E. Ginzel - Materials Research Institute


NDT inspectors are increasingly being required to produce quantitative results using tools that are not optimum for the task. As a result, uncertainties in the quantities they provide can be expected. These uncertainties can be broadly grouped into two categories; detection uncertainty and dimensional uncertainty.


Detection uncertainty relates to whether or not a flaw has been found. This is in itself is a controversial topic. What constitutes a flaw? If we consider that any deviation from a pure condition constitutes a "flawed" item then even the smallest crystal dislocation in a metal structure could be interpreted as a "flaw". Not many (probably not any) components would be considered "unflawed" if the definition was taken to this extreme. Flaw detection must therefore take on some practical considerations. Detection of flaws in NDT is by indirect means and whether or not a flaw is detected therefore depends on a variety of factors. These factors include the nature of the flaw itself, the test method used, the sensitivity of the test method used and human factors.

Having agreed upon the test method and test protocol, there are four possible outcomes in an inspection of a component. These four options constitute the probability matrix of detection.

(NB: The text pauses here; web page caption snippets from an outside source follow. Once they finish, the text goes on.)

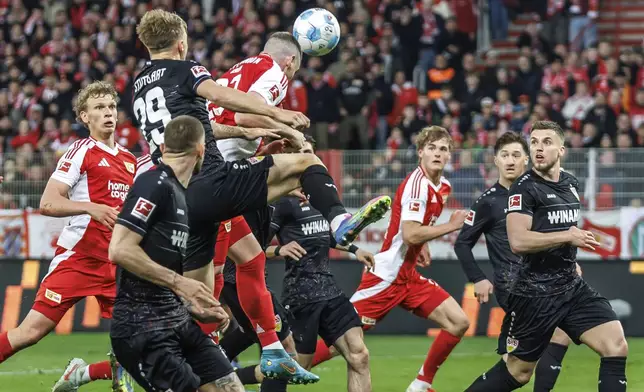 Berlin's Andrej Ilic scores during the Bundesliga soccer match between 1. FC Union Berlin and VfB Stuttgart in Berlin, Saturday April 19, 2025. (Andreas Gora/dpa via AP)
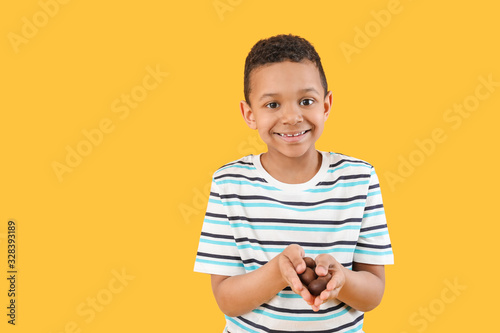 Cute African-American boy with sweet chocolate eggs on color background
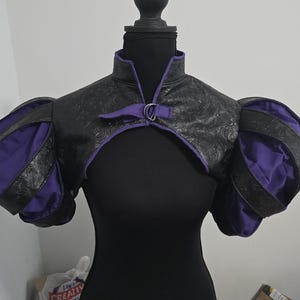 Könnte beinhalten: Schwarze und lila Bolerojacke mit hohem Kragen und Puffärmeln. Die Jacke besteht aus strukturiertem schwarzem Material mit lila Akzenten und einem dekorativen Verschluss. Das Kleidungsstück wird auf einer schwarzen Schaufensterpuppe präsentiert.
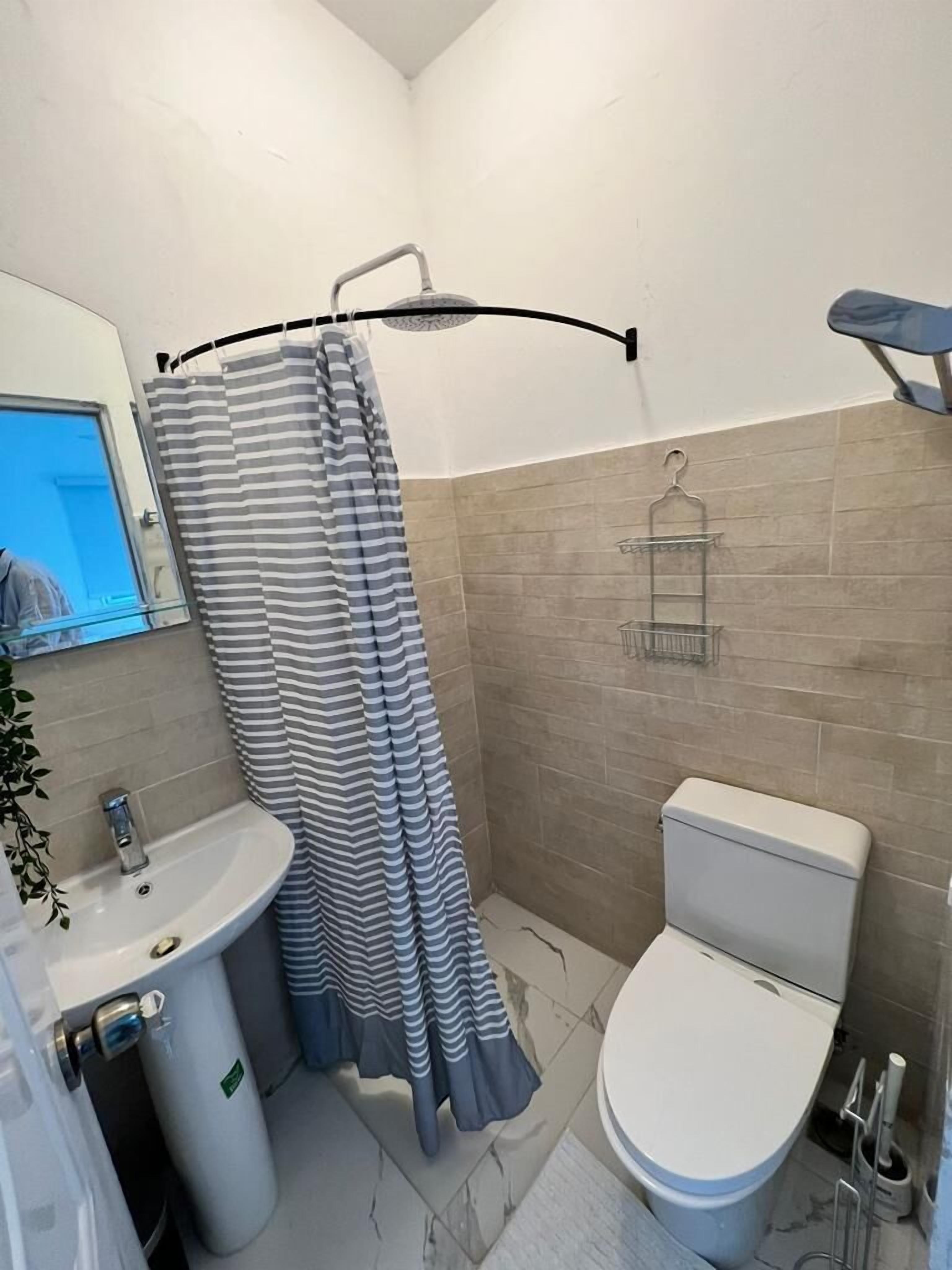 Et badeværelse med bruser, toilet, håndvask og spejl.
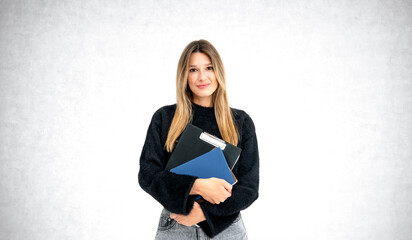 Young woman with long hair holding folders against a white backg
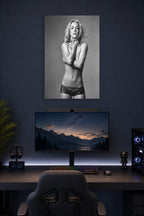 Britney Spears in a gaming desk setup above a monitor.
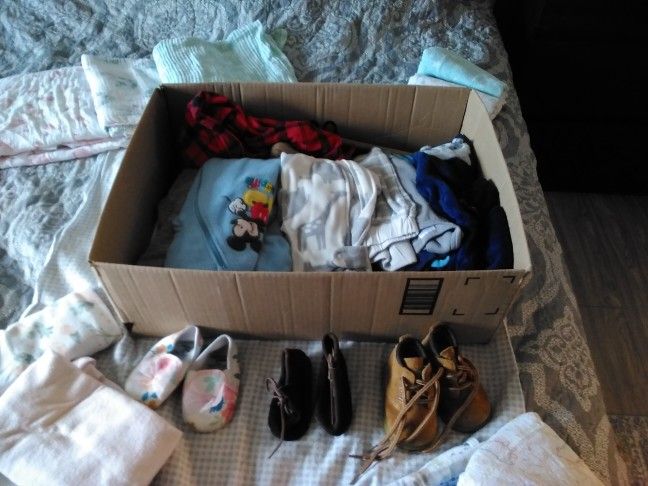Baby Clothes And Burp Cloths.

  1. An item is flawed and the NDT method detects it (True Positive)
  2. No flaw exists and the NDT method indicates a flaw present (False Positive)
  3. An item is flawed and the NDT method does not detect it (False Negative)
  4. No flaw exists and the NDT method has no indication of a flaw (True Negative)
These are the foundations of the concept of "Probability of Detection" or POD. In NDT, this concept was developed mainly in NASA in the USA during the 1970s. It has since expanded to a few other venues of NDT inspections but is not yet as widely accepted as might be expected.

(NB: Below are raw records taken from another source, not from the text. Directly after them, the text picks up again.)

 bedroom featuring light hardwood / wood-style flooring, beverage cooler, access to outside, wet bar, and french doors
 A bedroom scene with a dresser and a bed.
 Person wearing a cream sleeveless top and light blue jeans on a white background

PODs try to assess a minimum flaw size that will be reliably detected by the NDT technique. This is best done by plotting the accumulation of flaws detected against the flaw size of all the flaws "detected" or that produce a response over some threshold. Ideally all flaws over some critical size will be detected and flaws smaller than that are not "detected". The tool most commonly used for POD description is the POD curve. Figure 1 illustrates a POD curve that indicates there is an 80% chance of detecting a flaw 2.2mm high and we can state with 90% confidence that it would not be greater than 3.3mm high. Or conversely we may state that we have a 90% confidence that a flaw 2.2mm high will be detected will not have a POD less than 65%.

Fig 1: Sample POD curve

The best way to describe a confidence curve (e.g. 95 %) is to state that: If the actual POD curve were to be reconstructed over and over using the same method and data, then 95% of those constructed curves would be above the confidence curve (i.e. 5% would be below). In other words, we are 95% sure that the REAL POD curve is above the confidence curve.

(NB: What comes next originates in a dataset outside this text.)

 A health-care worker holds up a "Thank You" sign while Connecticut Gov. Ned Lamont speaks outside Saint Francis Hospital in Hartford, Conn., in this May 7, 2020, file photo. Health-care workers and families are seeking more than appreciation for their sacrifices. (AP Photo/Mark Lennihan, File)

The confidence level must also consider the effects of the full matrix for POD where we have the potential for false calls. In a set of specimens with known flaws over the minimum required size for detection we can see that a miss of one item could destroy our confidence in the system if a high confidence is required. E.g. if there was a selection of 30 specimens it would require that 28 samples be tested in order to provide assurance that we have we could have a 95% confidence that the results are indicative of the detection capabilities of the test system. However, if we missed a flaw in one of the 28 samples we would no longer have 95% confidence of in the probability of detection.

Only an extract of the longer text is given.